2. Data Protection Responsibility 

2.1 The Trust will act as the Data Controller. It is the responsibility of the Data Controller to ensure that all personal data is processed in compliance with this Policy and the General Data Protection Regulations. 

2.2 Day-to-day decision making on what constitutes compliance with this policy and the regulations will be taken by the Lay Bursar. 

2.3 Each database or main instance of paper records will have an assigned data owner. It is the day-to-day responsibility of the data owner to ensure that this policy is followed. The Lay Bursar will ensure that there are periodic audits of the data we hold and how it is used to ensure that there is compliance with the policy. Appendix 1 includes a list of all major data owners. 

2.4. All those who work for, or act on behalf of, the Trust have a responsibility to ensure that they take reasonable steps to ensure that data is held securely and processed only in accordance with the privacy notices that have been issued to data subjects. 

3. ICO (Information Commissioners Office) Registrations 

The Parish is included in the registration of the Diocese of Westminster. 

The remainder of the Trust is not required to register with the ICO under exemptions for not for profit organizations. 

4. What is “Personal Data”? 

3.1. Personal data is data relating to a living individual who can be identified from the data or from other information held by, or likely to come into the possession of the Trust.
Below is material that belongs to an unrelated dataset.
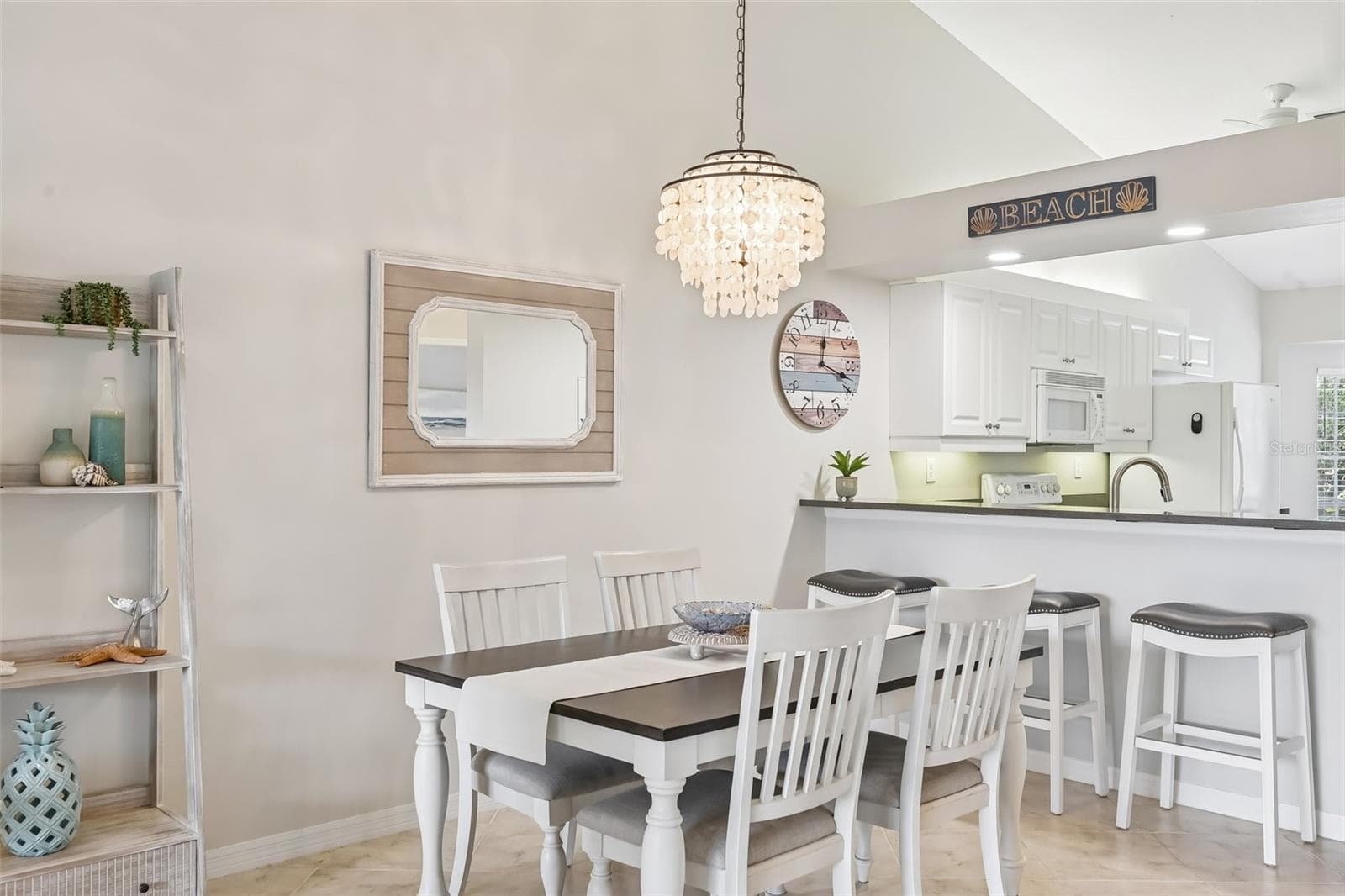 Condominium at 412 SUNSET LAKE BLVD #202, VENICE, photo 15 of 44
It includes names, birth dates, addresses, telephone numbers and email addresses. 

3.2 The Trust holds a range of personal data about parishioners, staff, members of the Monastic Community, Students at the Benedictine Institute, Choristers, guests, Clients at Ealing Abbey counselling Service, volunteers and donors. This data may be held in a range of formats including in databases, electronic records, such as Microsoft documents or on paper.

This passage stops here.